Exactly. And it's so hidden and normalized that many don't even see it. Or they DEFEND it. Or say things like I h8 hypocrites say. My children will not grow up thinking its okay... even if everything my daughter owns is pink.

take a hike you feminist-from-hell whore...all women like you do is bitch about how you are so treated unfairly all the while engaging in the vilest misandry and throw all kinds of barbs to everyone who doesn't fit your mold...go back to your pathetic women's studies courses and suck it sister..

I don't hate the Bible, Sarah, but I do hate how it's used by some to judge, to spread hate, and the suppress women.

Angry, yes. Tired, yes. In agreement that women deserve every respect men currently receive, yes. I'm work in Clinical Research, with a science degree and a whole lot of expertise and don't get paid the same...

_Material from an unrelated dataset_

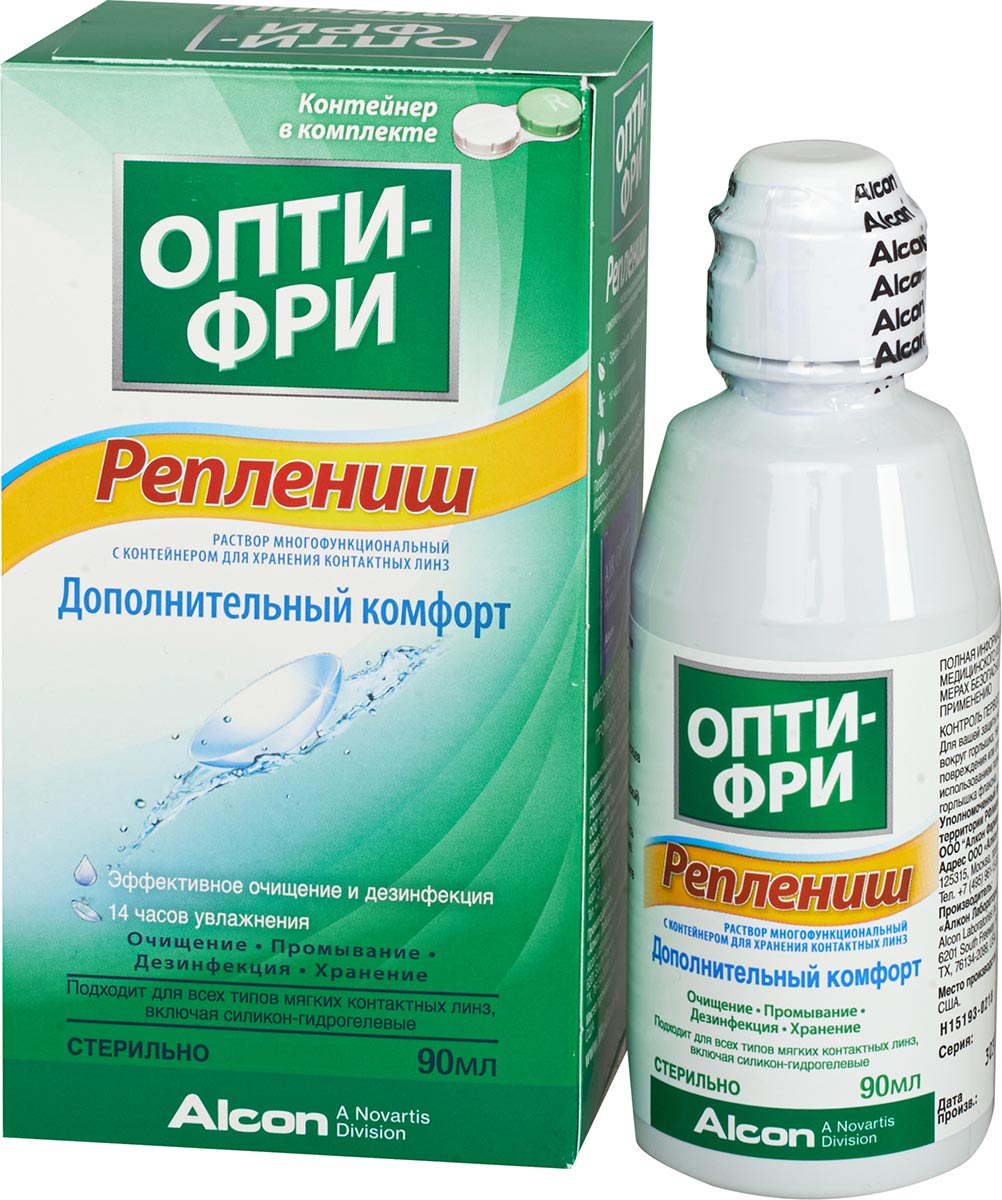 Opti-Free RepleniSH, 90мл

All that to say, yes, I agree with you. I just don't get how the Bible comes into it...cause it seems to always come up with your posts and yet, I happen to like the Bible and see the inequalities coming from all sides. Maybe an acknowledgement that the Bible isn't the only source for stupid thinking???

But now we can go get killed on the front lines with all the other soldiers! So that's progress right?

We can kill and get killed equally in war, but we can't get paid the same wage as men.

What. The. Fuck.

I know you're right, that without hope there's anger. And yet, here I am. Stuck in the anger phase. Because I can't fucking believe that we are still debating abortion. Didn't I already march on Washington? Isn't that settled?! OMG. So angry. So furious.

My mom told me that she once complained to my dad about us kids asking "Why?" all the time. He (who rarely lost his temper) got angry. "When they ask "Why?" they want to learn," he said.